GELSINGER: It's far from done. Let's take it in phases. First was the honeymoon, where we won Apple as a customer. The second phase was execution and getting products done and, third, we just finished that. The MacBook Pro was the last product. We just finished the birthing. We've just gotten that done, but a number of projects are under way with Apple on next-generation technologies -- but I can't detail those. Apple is very secretive, even to us. It's the nature of the company.
CRN: Has Microsoft expressed concern about the Intel-Apple pairing or frowned at your relationship with yet another new operating-system vendor besides Linux?
CRN: Well, certainly, of course. They look at it that way. But our response [to Microsoft] is that we have a customer that wants to use our silicon. Of course we support them. At the same time, I'd say our Microsoft relationship is as good if not better than it has been in our 20-year history.
CRN: Why?
GELSINGER: We both see that we might have border quibbles on a particular issue, but if the PC industry is not good for [Microsoft], then it's not good for us. That shared challenge and opportunity [for Intel and Microsoft] is significant.
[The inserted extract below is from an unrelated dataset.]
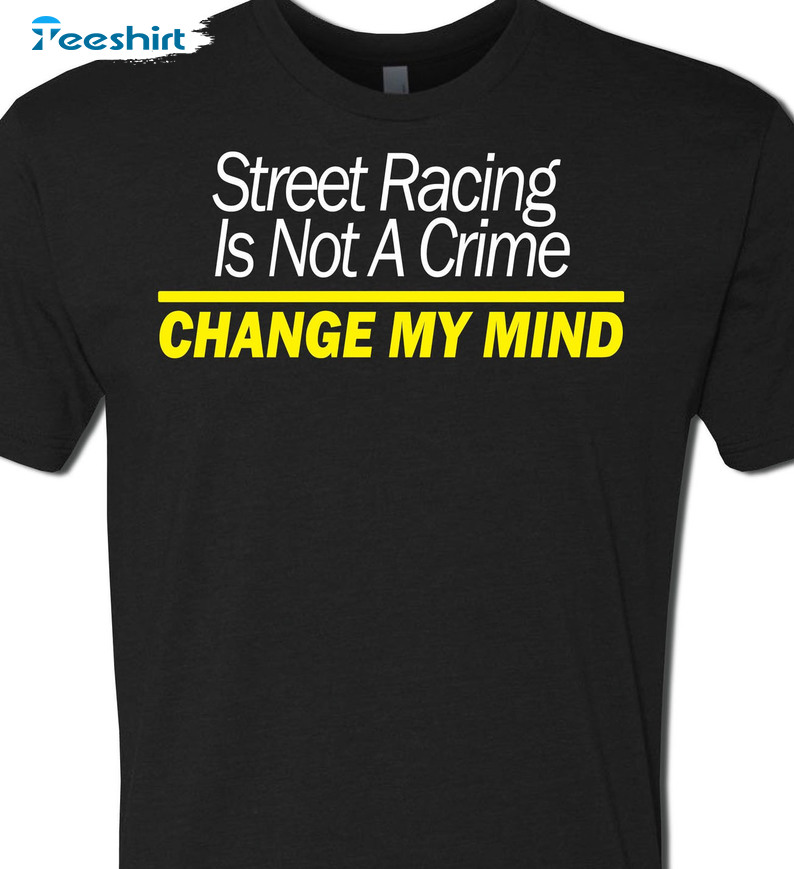 Street Racing Is Not A Crime Change My Mind Unisex T-Shirt Long Sleeve Sweatshirt Hoodie Shirt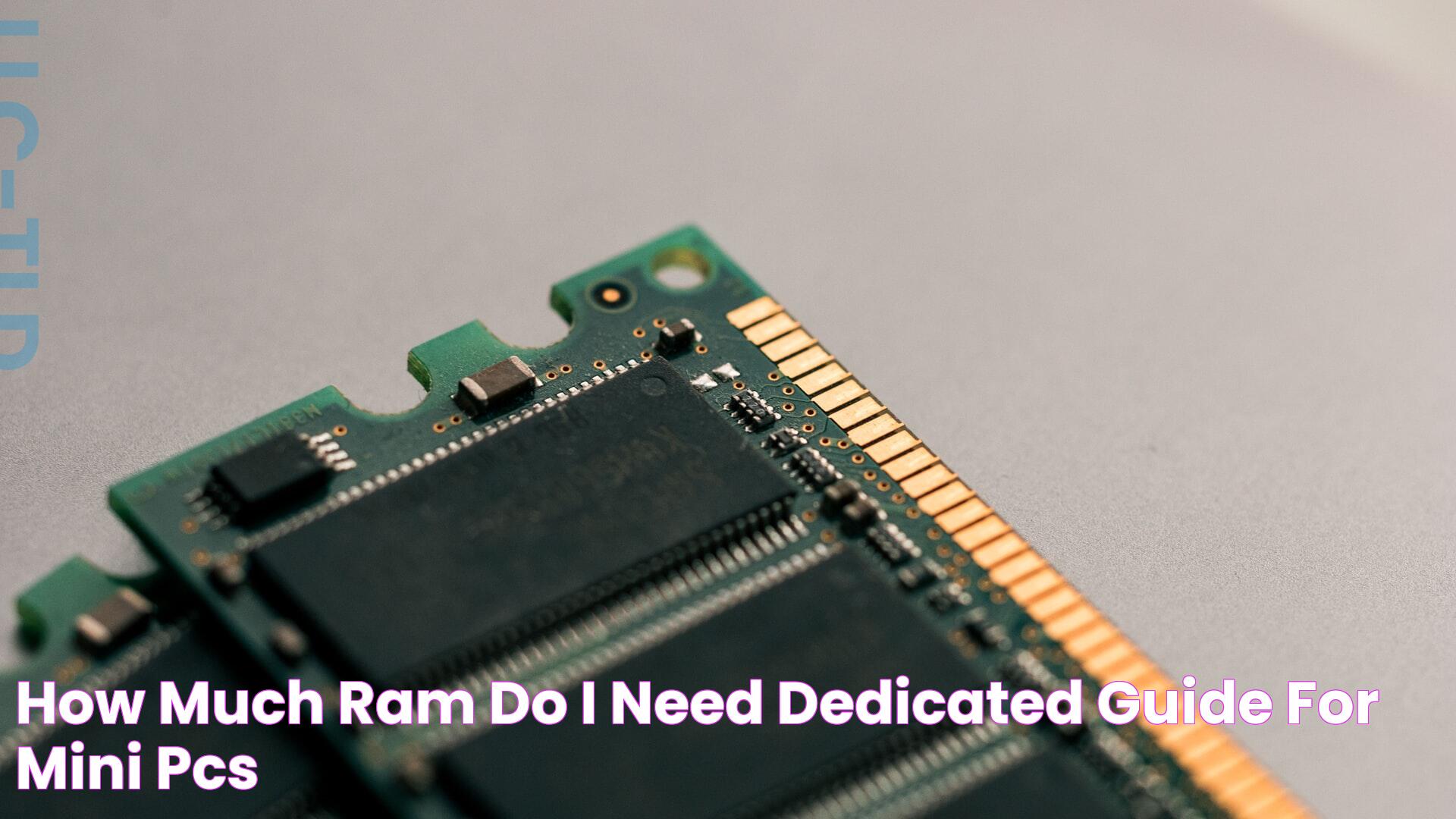 Optimal RAM Requirements: How Much RAM Do I Need?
We have a mutual view of the business market [and grapple with issues like] what does it take to address security and management? We share common views of the next problems and hurdles to enable that. We have a common perspective on how to get to the next layer of growth.
CRN: Bill Gates, Microsoft's chairman, co-founder and chief software architect, announced earlier this year that he will step down from his day-to-day role at the company by July 2008. Given that you've worked with him directly for years, do you think his absence will affect Intel's relationship with Microsoft? And to what extent has Intel worked on the technical side with current Microsoft Chief Software Architect Ray Ozzie?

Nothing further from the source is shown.